Exercise instructions — Retype the data exactly, skipping any picture in it.
::: Dataset :::
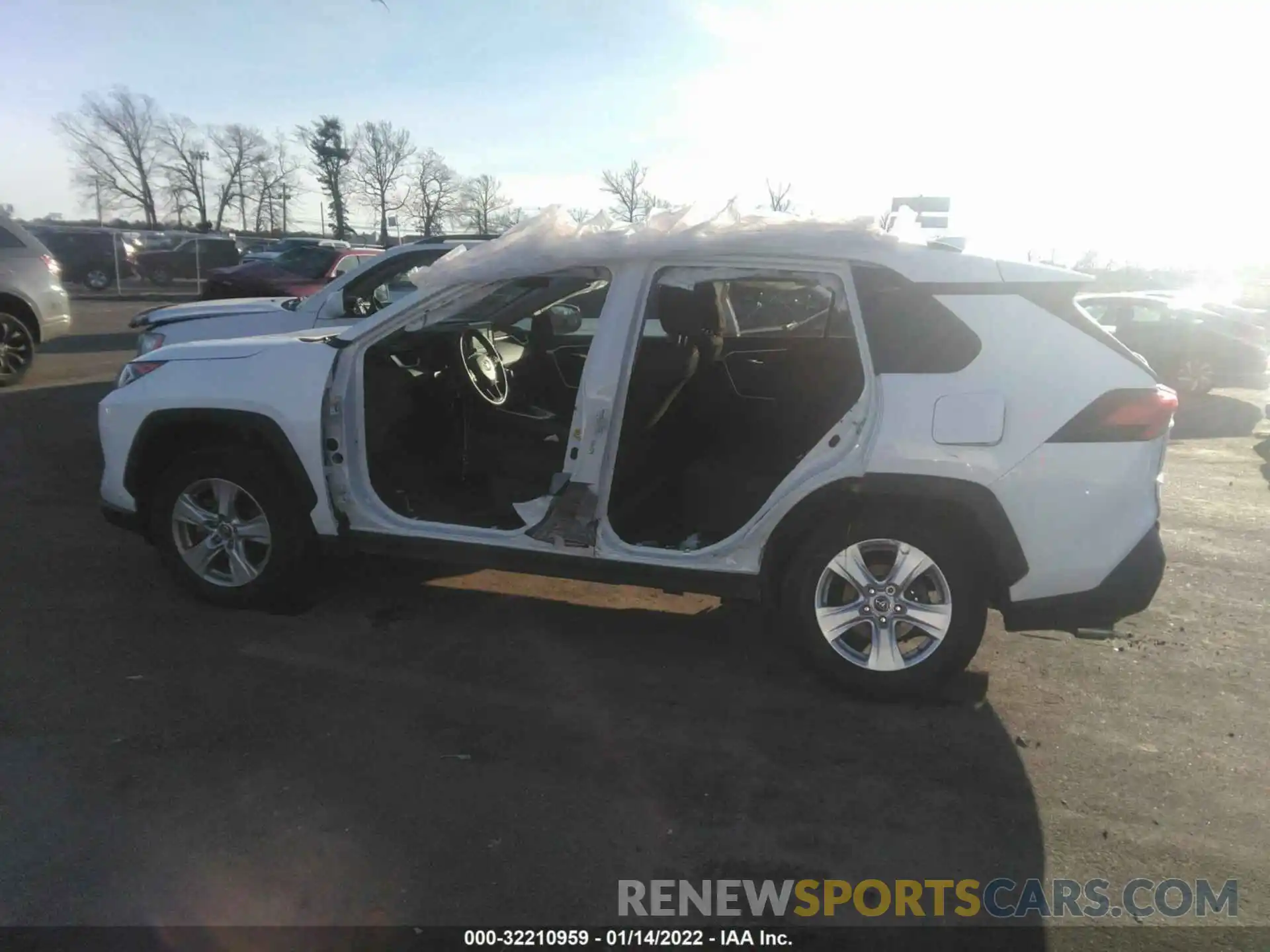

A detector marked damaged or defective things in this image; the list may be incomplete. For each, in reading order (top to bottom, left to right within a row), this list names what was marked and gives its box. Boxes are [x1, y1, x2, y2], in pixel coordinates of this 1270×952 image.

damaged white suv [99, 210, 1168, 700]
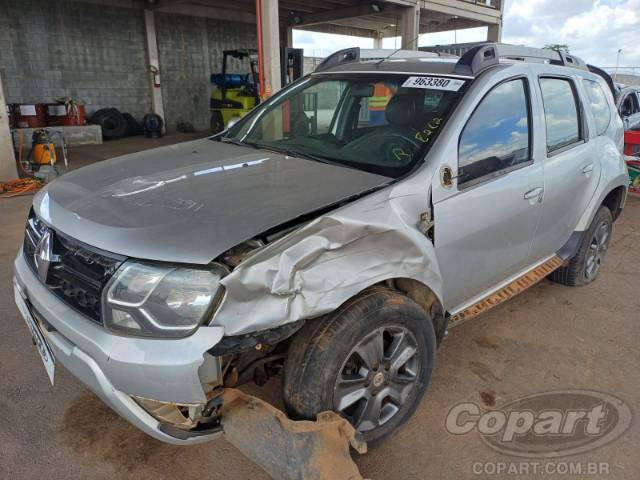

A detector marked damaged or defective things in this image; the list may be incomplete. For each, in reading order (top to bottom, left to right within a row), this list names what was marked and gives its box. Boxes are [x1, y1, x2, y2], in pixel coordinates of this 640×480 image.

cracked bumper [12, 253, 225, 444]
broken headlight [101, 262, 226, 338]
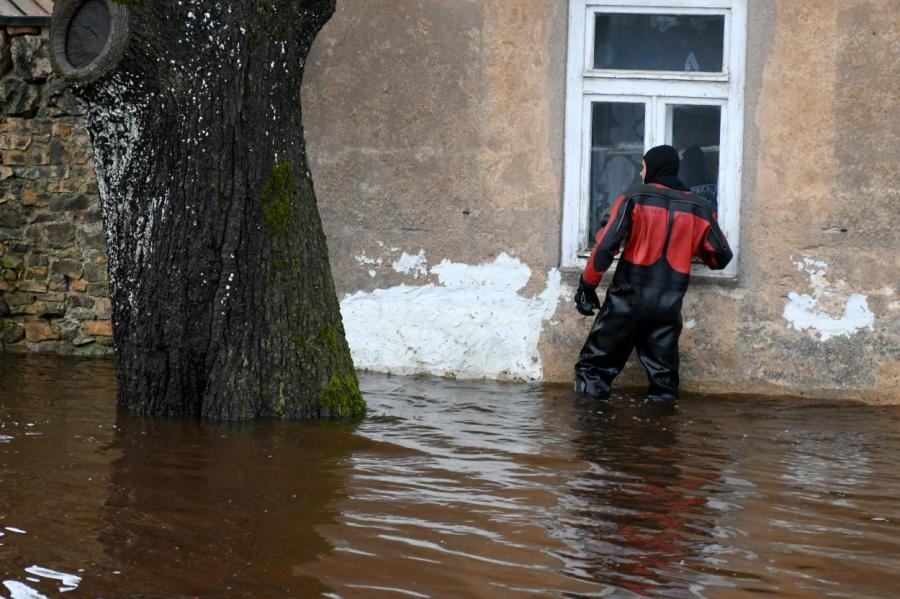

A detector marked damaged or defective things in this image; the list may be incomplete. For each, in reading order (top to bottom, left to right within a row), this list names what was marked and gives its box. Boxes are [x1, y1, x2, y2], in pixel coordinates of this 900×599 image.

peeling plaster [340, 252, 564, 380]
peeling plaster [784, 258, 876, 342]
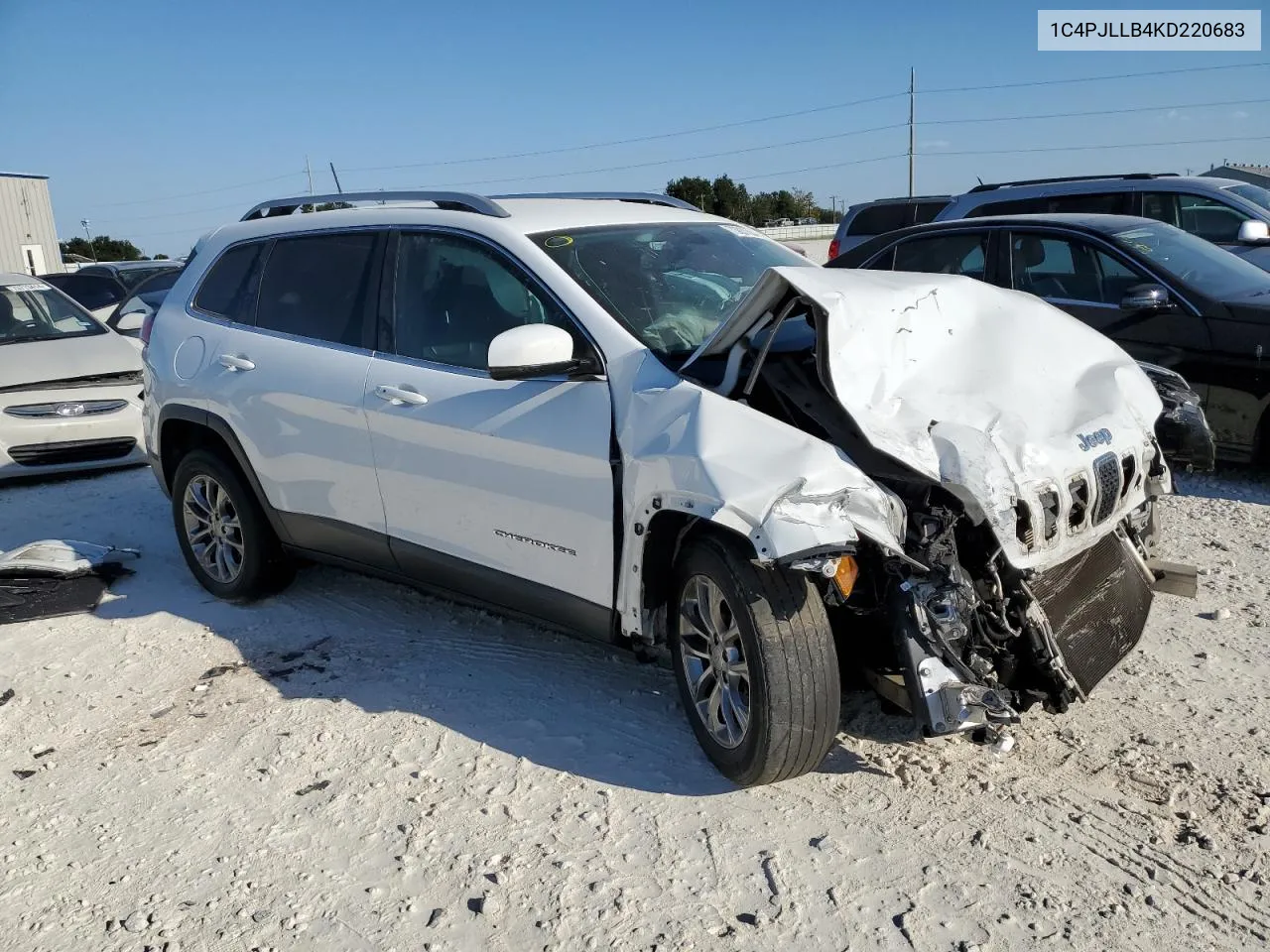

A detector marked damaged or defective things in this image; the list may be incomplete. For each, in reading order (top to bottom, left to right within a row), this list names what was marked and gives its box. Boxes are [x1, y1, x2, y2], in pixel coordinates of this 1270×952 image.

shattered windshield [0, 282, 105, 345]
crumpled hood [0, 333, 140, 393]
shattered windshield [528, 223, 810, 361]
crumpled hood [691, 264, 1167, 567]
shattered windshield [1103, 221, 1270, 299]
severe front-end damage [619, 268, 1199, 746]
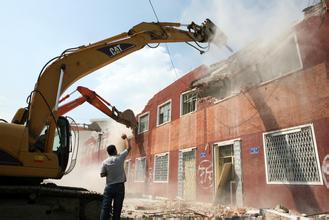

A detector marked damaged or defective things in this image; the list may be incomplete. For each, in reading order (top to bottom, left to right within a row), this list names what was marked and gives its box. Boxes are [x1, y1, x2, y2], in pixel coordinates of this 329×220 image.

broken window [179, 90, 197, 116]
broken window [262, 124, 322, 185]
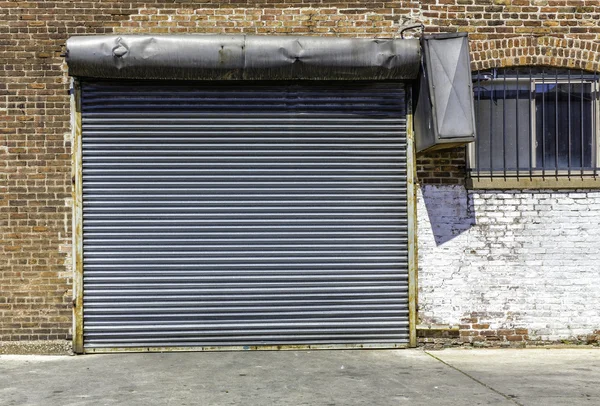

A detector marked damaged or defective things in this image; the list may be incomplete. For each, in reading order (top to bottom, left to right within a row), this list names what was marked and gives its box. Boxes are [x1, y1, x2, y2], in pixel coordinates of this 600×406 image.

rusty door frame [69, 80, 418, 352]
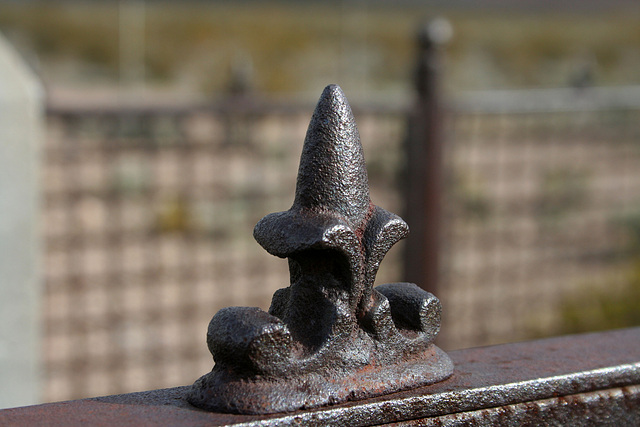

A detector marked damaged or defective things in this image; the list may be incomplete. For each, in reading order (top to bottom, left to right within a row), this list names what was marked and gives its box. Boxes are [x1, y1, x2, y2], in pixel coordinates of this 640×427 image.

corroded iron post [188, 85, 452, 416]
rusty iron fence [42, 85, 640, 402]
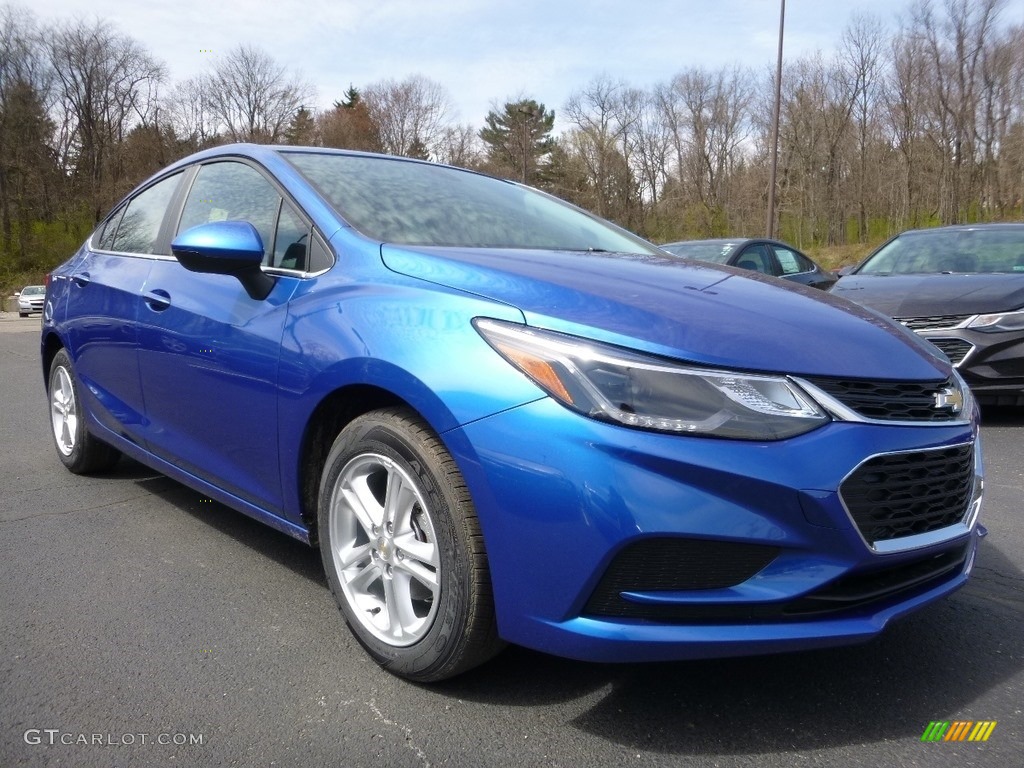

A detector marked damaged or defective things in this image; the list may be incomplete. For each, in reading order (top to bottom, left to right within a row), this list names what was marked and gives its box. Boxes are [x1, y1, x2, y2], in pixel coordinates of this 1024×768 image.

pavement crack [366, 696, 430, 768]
:::
Answer space —
A detector marked damaged or defective things in this image; the list may be incomplete. For each, in reading order (top to bottom, left to right within a row), this list names what was marked and gives its box. Boxes are [x1, y1, x2, y2], in pixel coordinates of this 1270×952 image.

damaged white suv [99, 210, 1168, 700]

A detector marked damaged or defective things in this image; the list may be incomplete. For each, in reading order (top to bottom, left to right within a row), this list names what was marked and gives its box. Boxes are [x1, y1, x2, y2], in pixel coordinates of this 640×480 image.

cracked bumper [12, 253, 225, 444]
broken headlight [101, 262, 226, 338]

A detector marked damaged or defective things in this image; the list may be incomplete. For each, in reading order (top to bottom, left to right within a row), this list names what was marked and gives its box. Boxes are [x1, y1, x2, y2], in pixel coordinates of this 900×599 image.

peeling plaster [340, 252, 564, 380]
peeling plaster [784, 258, 876, 342]

A detector marked damaged or defective things in this image; the list may be incomplete. For each, in reading order (top to bottom, left to right within a row), this list names what was marked and gives its box. Boxes are [x1, y1, x2, y2], in pixel coordinates of this 1270×952 image.

shattered windshield [0, 282, 105, 345]
crumpled hood [0, 333, 140, 393]
shattered windshield [528, 223, 810, 361]
crumpled hood [691, 264, 1167, 567]
shattered windshield [1103, 221, 1270, 299]
severe front-end damage [619, 268, 1199, 746]

A detector marked damaged or defective things in this image; the list may be incomplete. For each, in reading order (top to bottom, left to right within a row), this list names what was marked and gives its box. Boxes are [x1, y1, x2, y2], in pixel coordinates of this 329×220 image.

broken window [179, 90, 197, 116]
broken window [262, 124, 322, 185]

A detector marked damaged or defective things in this image; the list may be incomplete. For each, in reading order (top to bottom, left to right within a row), this list names what was marked and gives its box. Boxes are [x1, y1, x2, y2], in pixel coordinates of this 600×406 image.

rusty door frame [69, 80, 418, 352]

A detector marked damaged or defective things in this image; the list may be incomplete. For each, in reading order (top to bottom, left to right within a row), this list names what was marked and gives its box. Boxes are [x1, y1, x2, y2], in pixel coordinates of this 640×427 image.

corroded iron post [188, 85, 452, 416]
rusty iron fence [42, 85, 640, 402]

A detector marked damaged or defective things in this image; the list may be incomplete. For each, in reading order (top to bottom, left to right within a row), this list names what was marked and gives its box. Boxes are [x1, y1, x2, y2], in pixel coordinates of this 1024×768 image.

pavement crack [366, 696, 430, 768]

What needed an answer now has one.